## Work to be completed
Copy each line of the following material that has the string "Sport".

********************

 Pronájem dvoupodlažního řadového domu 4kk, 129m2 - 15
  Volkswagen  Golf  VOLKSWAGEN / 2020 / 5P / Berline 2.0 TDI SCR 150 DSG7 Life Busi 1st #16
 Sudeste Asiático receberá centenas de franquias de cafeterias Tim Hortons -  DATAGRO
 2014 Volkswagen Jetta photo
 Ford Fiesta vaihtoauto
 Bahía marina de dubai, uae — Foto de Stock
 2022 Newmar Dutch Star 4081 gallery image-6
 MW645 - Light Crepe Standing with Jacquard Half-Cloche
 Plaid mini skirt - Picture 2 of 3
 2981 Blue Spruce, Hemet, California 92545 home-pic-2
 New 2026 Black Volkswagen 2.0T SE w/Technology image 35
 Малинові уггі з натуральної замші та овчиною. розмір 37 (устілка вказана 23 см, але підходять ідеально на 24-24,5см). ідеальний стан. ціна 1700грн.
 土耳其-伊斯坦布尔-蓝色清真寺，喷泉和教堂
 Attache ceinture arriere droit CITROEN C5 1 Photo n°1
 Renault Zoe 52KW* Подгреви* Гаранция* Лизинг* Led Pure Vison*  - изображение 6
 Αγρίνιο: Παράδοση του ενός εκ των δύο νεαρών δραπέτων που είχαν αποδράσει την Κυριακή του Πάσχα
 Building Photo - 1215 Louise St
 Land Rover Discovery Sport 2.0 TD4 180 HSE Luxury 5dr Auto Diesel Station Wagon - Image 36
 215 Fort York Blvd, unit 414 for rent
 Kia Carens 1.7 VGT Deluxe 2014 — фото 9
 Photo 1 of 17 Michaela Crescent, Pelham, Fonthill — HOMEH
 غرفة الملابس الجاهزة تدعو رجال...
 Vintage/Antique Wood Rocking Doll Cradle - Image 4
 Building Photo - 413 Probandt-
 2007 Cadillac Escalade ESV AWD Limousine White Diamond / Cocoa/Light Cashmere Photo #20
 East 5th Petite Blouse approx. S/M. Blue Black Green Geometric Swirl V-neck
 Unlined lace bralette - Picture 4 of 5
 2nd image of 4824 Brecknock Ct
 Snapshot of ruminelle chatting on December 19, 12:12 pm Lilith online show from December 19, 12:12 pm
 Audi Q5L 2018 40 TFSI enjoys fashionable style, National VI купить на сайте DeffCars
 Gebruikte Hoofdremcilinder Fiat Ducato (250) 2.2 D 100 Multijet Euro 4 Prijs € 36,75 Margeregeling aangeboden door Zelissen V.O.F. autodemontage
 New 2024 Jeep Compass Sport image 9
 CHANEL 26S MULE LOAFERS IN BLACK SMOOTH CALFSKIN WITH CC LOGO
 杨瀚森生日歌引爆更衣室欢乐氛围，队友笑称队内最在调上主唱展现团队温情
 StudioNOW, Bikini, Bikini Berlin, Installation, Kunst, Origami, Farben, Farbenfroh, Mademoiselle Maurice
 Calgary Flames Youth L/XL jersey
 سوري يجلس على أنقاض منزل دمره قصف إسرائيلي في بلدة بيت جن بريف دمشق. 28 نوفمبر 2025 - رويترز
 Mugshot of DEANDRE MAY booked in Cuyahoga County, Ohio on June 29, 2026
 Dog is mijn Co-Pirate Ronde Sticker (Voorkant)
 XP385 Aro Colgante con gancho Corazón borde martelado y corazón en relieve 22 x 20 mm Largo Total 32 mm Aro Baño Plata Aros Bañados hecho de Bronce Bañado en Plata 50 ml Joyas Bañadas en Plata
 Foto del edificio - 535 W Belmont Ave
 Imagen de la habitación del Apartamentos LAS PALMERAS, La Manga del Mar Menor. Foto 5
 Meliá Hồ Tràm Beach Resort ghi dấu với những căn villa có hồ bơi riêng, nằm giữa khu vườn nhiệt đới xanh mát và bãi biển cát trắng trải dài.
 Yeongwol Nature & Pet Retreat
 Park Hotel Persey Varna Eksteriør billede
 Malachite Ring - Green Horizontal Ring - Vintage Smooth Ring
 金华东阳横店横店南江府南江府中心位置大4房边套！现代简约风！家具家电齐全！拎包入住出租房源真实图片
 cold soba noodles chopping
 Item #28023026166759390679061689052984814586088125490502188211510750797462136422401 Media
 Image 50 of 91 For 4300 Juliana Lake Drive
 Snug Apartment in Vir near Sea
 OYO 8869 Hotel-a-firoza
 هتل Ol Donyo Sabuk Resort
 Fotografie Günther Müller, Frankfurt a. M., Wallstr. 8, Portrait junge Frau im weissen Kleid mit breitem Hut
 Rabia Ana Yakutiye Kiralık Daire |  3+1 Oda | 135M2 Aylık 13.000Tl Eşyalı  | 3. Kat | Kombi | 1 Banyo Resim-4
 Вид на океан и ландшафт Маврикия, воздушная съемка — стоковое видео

********************

## Finished task
 Land Rover Discovery Sport 2.0 TD4 180 HSE Luxury 5dr Auto Diesel Station Wagon - Image 36
 New 2024 Jeep Compass Sport image 9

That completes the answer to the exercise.